Heureusement, il existe plusieurs ouvrages très éclairants sur le sujet. Compte tenu de l’espace qui m’est alloué en ces pages, il m’a bien fallu faire un choix. Et, dans le tas, j’ai opté pour trois titres qui m’ont ouvert des perspectives nouvelles sur cette musique, à des milles de ce seul horizon si récurrent avec son coucher de soleil vers lequel s’avance le fameux et indécrottable cowboy solitaire.

Et si on commençait par le commencement, depuis les lointaines origines du genre, avec un livre indispensable, à mes yeux, à tout amateur de musique populaire américaine, un essai remarquable et efficacement intitulé Americana. Histoire des musiques de l’Amérique du Nord, de la préhistoire à l’industrie du disque (éditions Fayard, 2005). Cet ouvrage du musicologue français Gérard Herzaft, dont la riche bibliographie mériterait à elle seule d’être citée au grand complet dans ce dossier, dévoile dans toute sa complexité le terroir musical nord-américain. Au fil des pages, se déploie sous nos yeux une vaste courtepointe bariolée de multiples couleurs et cousue au gré de filiations inattendues et souvent surprenantes. Et, en ce qui concerne la musique country, on en ressort avec une idée beaucoup plus nuancée que celle qui est habituellement vendue. Les composantes hispaniques, hawaïennes, afro-américaines, etc. que contient l’ADN de ce genre associé la plupart du temps à la seule communauté blanche tranchent avec la vision plutôt étroite qu’en ont même ses plus farouches représentants!

À propos de vision étriquée et de musique country, il y a Frantz Duchazeau, ce génial Duchazeau, qui nous a offert un bel album de BD il y a quelques années. Les jumeaux de Conoco Station, que ça s’appelait (éditions Sarbacane, 2009). Caricature éloquente du péquenaud blanc attardé du Sud, ce récit nous narre en noir et blanc la désopilante épopée de deux frères jumeaux évadés de prison. En plus de faire payer celui qui les y a mis, ils ont aussi la ferme intention de reformer leur groupe de country pour montrer au rock and roll de quel bois ils se chauffent.

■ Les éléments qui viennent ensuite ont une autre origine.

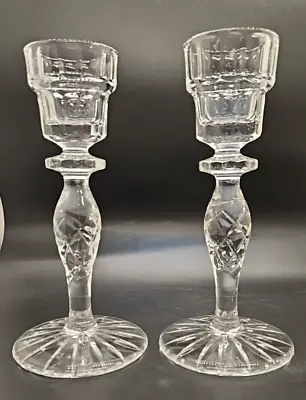Buy 2 X Vintage Candle Stick Holder Clear Cut Glass Votive 19.5cm 7 5/8th  Tall • 18.99£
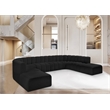 Bowery Hill Contemporary Black Boucle Fabric Modular Sectional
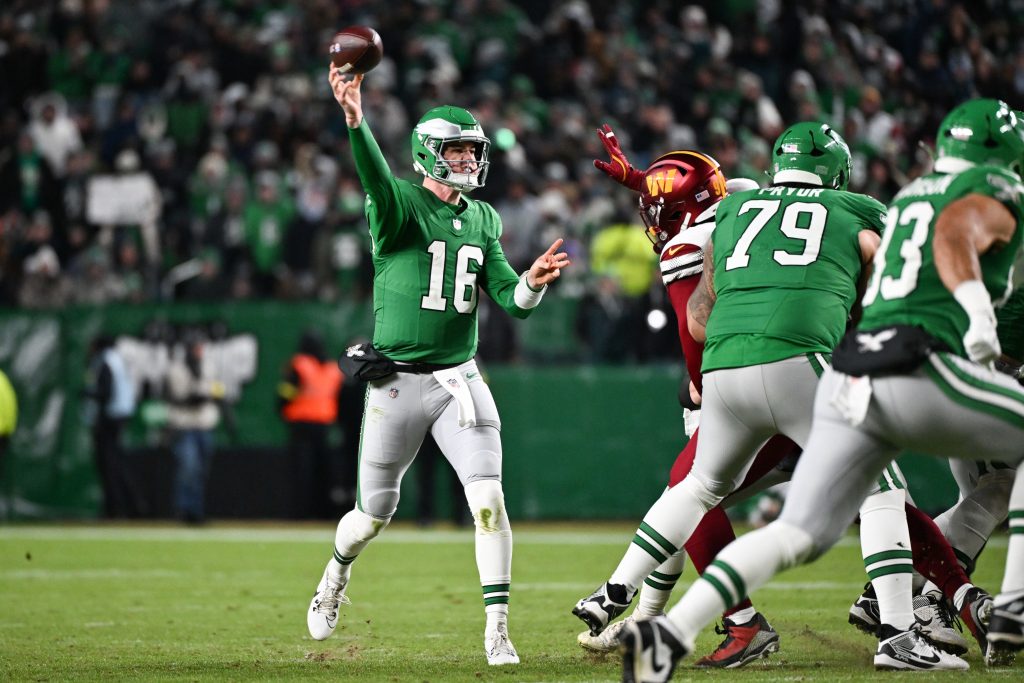 Jan 4, 2026; Philadelphia, Pennsylvania, USA; Philadelphia Eagles quarterback Tanner McKee (16) throws a pass during the second quarter against the Washington Commanders at Lincoln Financial Field.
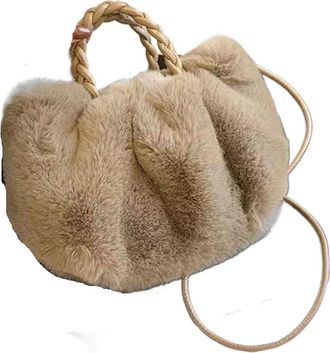 Generic Womens Plush Bags Plush Cloud Bag Autumn Winter Handbag Women Solid Colors PU Woven Hand Soft Storage(Light Khaki)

Chaussés de magnifiques bottes de cowboy et guidés par l’esprit de leur idole, le légendaire chanteur Hank Williams, ils aboutiront au Grand Ole Opry, temple de la musique country, à Nashville. Ils y rencontreront une grande déception, qui les conduira à renier leur bien-aimée idole, ainsi que la justice qui s’occupera d’eux en leur montrant la direction de la prison d’Alcatraz.

Et un petit dernier pour la route, mais non le moindre, qui, avalé cul sec, peut vous allumer un feu de tous les diables dans l’imaginaire : Country. Les racines tordues du rock’n’roll de Nick Tosches (Allia, 2000). L’écrivain new-yorkais nous entraîne dans le sulfureux et foisonnant musée des horreurs et des curiosités de la musique country. « J’ai voulu explorer les zones obscures de l’histoire de la country music, pas sa popularité actuelle; écrire un livre pour ceux qui s’intéressent davantage à la question de savoir d’où vient cette musique et ce qu’elle est profondément, plutôt qu’à son développement récent. » Et c’est avec le bagou qu’on lui connaît qu’il mène cette entreprise. Comme dans ces autres ouvrages (toujours chez Allia), cette grande gueule de Nick Tosches, qui semble toujours s’écouter écrire, impressionne avec cette érudition sauvage qui est la sienne et lui permet des acrobaties d’écriture à travers lesquelles les mythes les plus anciens de la culture occidentale viennent se coller aux destinées les plus trash de la musique populaire américaine.